Photo: David Levenson/Heritage Lottery Fund

The Mayor of Newham, Sir Robin Wales, was delighted to learn that the bells of Memorial Community Church, Plaistow, which are a memorial to 200 men from the church and local area who died serving in the First World War, are cast with the largest number of names of any set of bells in the world. Hopefully he will encourage visitors to this Olympic borough to see  – and hear – this remarkable war memorial in 2012.

The rededication of the bells as a war memorial took place on Saturday 19 November following the restoration of the bells, which were installed in 1925, to their former glory. This event also marked the completion of the £250,000 project to repair the roof and brickwork of the bell tower so rain no longer comes in.

Photo: David Levenson/Heritage Lottery Fund

There is an exhibition at ground level, largely created by young people from the Swift youth club next door.Well over 100 people took part in the rededication including the Representative Deputy Lieutenant for the borough of Newham, local councillors, the Royal British Legion, the Western Front Association, men from G Company 7 Rifles (the local Territorial Army), representatives of funders, Kaizen primary School and the descendants of several  of the men commemorated on the bells, who only recently learned of the existence of this memorial.
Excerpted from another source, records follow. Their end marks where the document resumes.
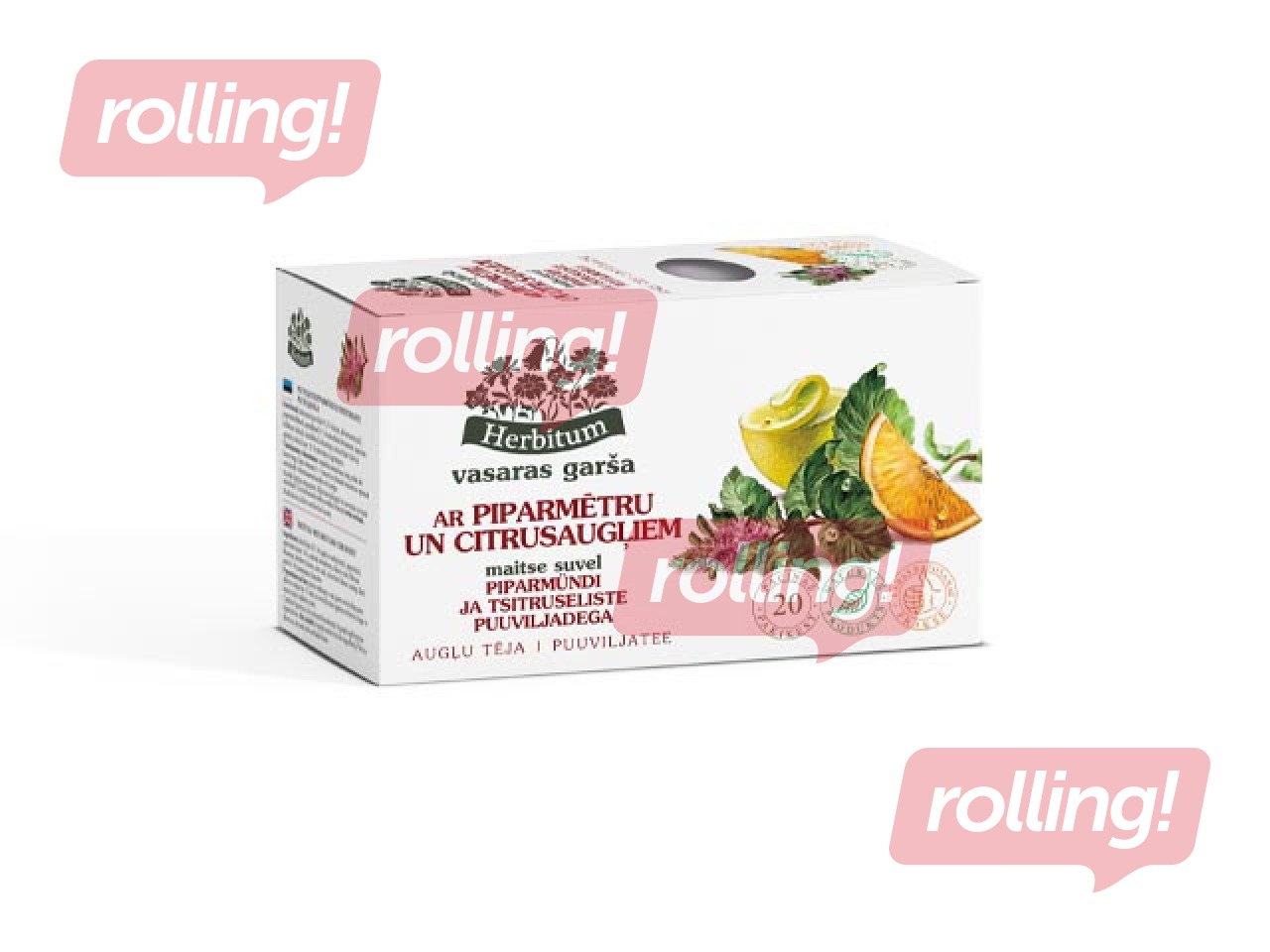 Фруктовый чай Herbitum Вкус лета с мятой и цитрусами, 20 пакетиков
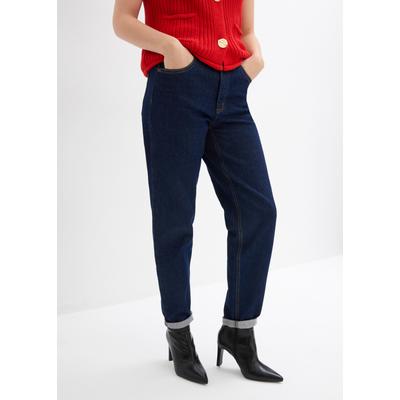 Mom-Jeans BONPRIX, Damen, Gr. 36, N-Gr, tiefblau denim ungewaschen (länge: regulär), Obermaterial: 99% Baumwolle, 1% Elasthan, loose fit, Jeans, hoher Bund, verkürzte Beinlänge, lockere Passform, mit Elasthan-Anteil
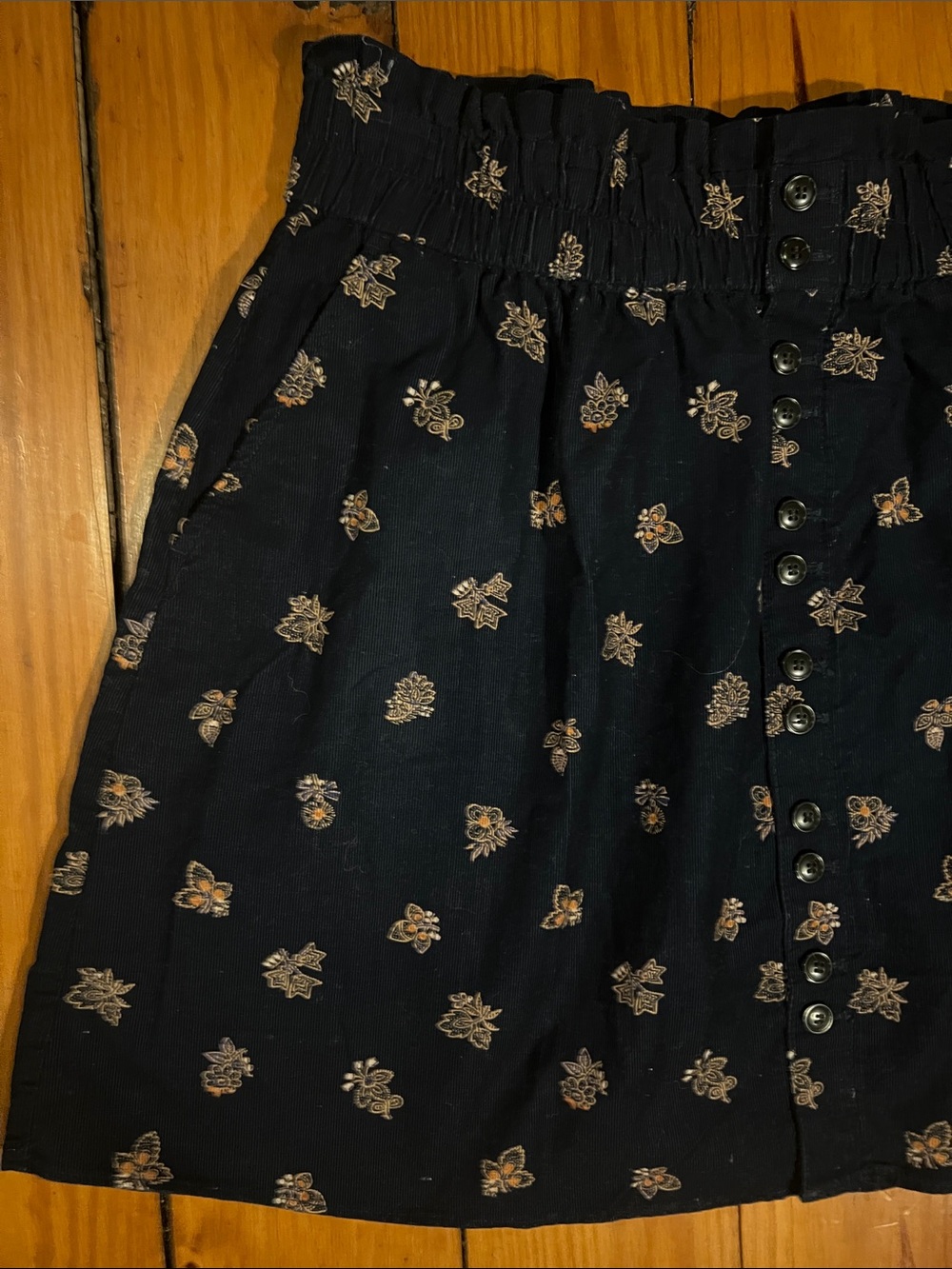 Madewell Navy Paperbag Button Front Skirt Size XL NWT - Picture 3 of 7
Two grandchildren of Private William Belcher, plus three other generations of the family, were among  the guests and laid a wreath in his memory after the service, when the British Legion led wreath-laying and two minutes silence. This took place by the plaque which bears the dedication of the bells and where wreaths were laid in 1925 at the original dedication service.

William Belcher’s  great-grandson Paul McAllister said, “we had a truly memorable, and very emotional, day, and felt privileged to have been able to be there”.

Photo: David Levenson/Heritage Lottery Fund

Many people went to see the bells – thanks to a new HLF-funded handrail to make the belfry safe, and spotlights to illuminate the names on the bells – and others, who couldn’t climb the stairs, took a ‘virtual tour’. Visitors were very impressed with the young people who showed them around, and the four newly-trained young men who rang the bells for the occasion. Nearly everyone stayed for home-made cake or a lunch of Caribbean food cooked by members of the church, and young and old also enjoyed  crafts and an organ recital during the afternoon .

Funding came from Heritage Lottery Fund, the Pilgrim Trust, War Memorials Trust, Heritage of London Trust, Sharpe Trust and Essex branch of the Western Front Association as well as many individuals who donated or took part in sponsored events.

Lyn Brown, MP for West Ham, said “This dedication commemorates local men, who died in the First World War.  They walked the same streets we do.  They prayed, or not, as we do.  Their families loved them, as we love those dear to us… ….We face to-day many of the same challenges Newham people overcame in the past.  Every time the new peal rings out, let it be a reminder of what ordinary people can achieve, when they congregate in harmony and co-operation.”

The event was made more pleasant by the church’s new heating installed in the last two months with a grant from the Big Lottery Fund, as the building is used in the week for a range of activities that support vulnerable people in one of London’s poorest boroughs. New toilets and improved disabled access are planned for January and the appeal for phase 3 of high-level repairs to the front of the church in 2013 has just been launched.